## Your goal
Return the stretch from the line with "9451 Live Oak Pl 102, Davie, FL 33324" through the line with "Property Photo: 377 NW Pebble Lane WA 98027" in the data below, character for character, skipping all pictures.
#### Provided data ####
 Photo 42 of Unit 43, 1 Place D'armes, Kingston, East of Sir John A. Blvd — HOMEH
####
#### Provided data ####
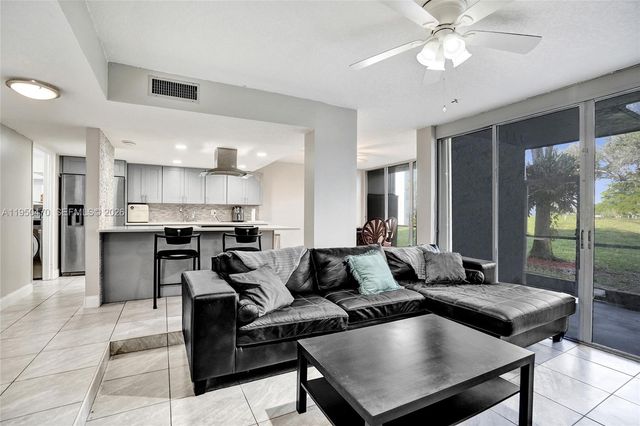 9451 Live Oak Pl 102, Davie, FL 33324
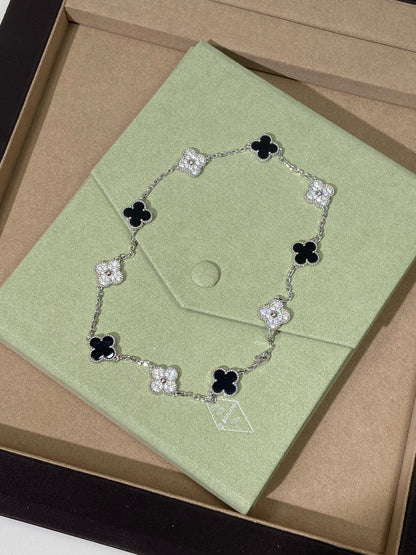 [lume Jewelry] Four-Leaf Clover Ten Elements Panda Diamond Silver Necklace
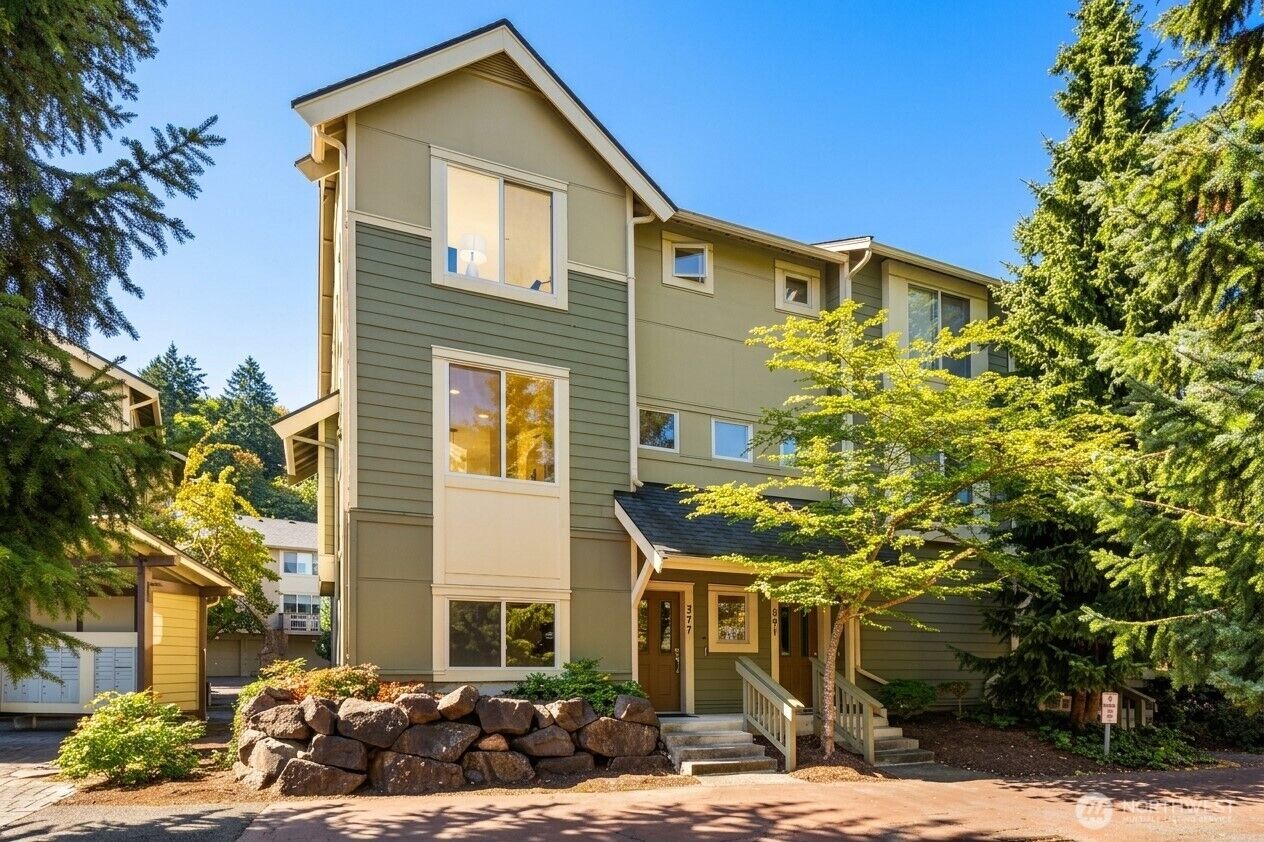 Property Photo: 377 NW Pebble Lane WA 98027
####
#### Provided data ####
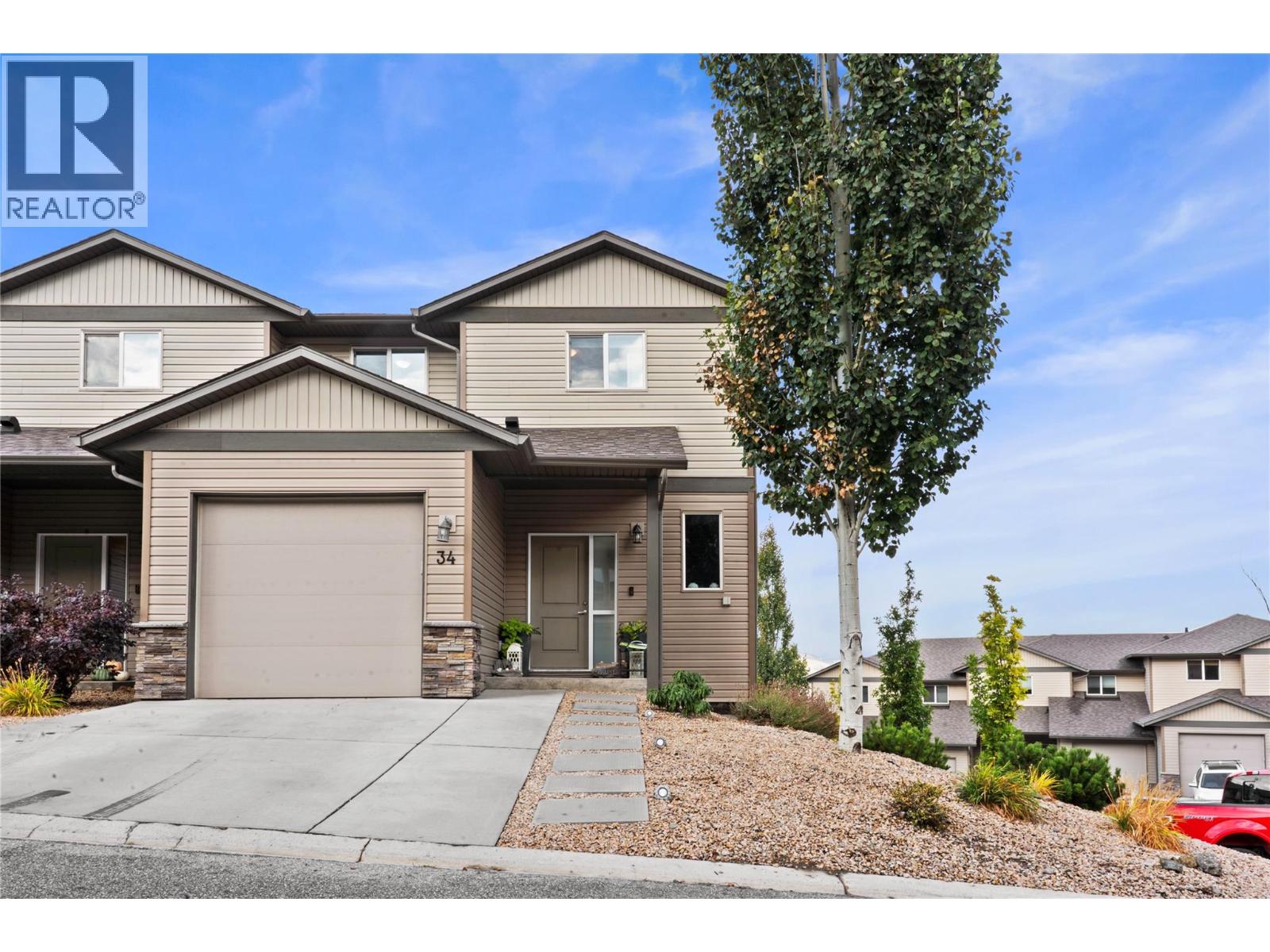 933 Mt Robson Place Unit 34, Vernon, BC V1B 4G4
####
## Expected output
 9451 Live Oak Pl 102, Davie, FL 33324
 [lume Jewelry] Four-Leaf Clover Ten Elements Panda Diamond Silver Necklace
 Property Photo: 377 NW Pebble Lane WA 98027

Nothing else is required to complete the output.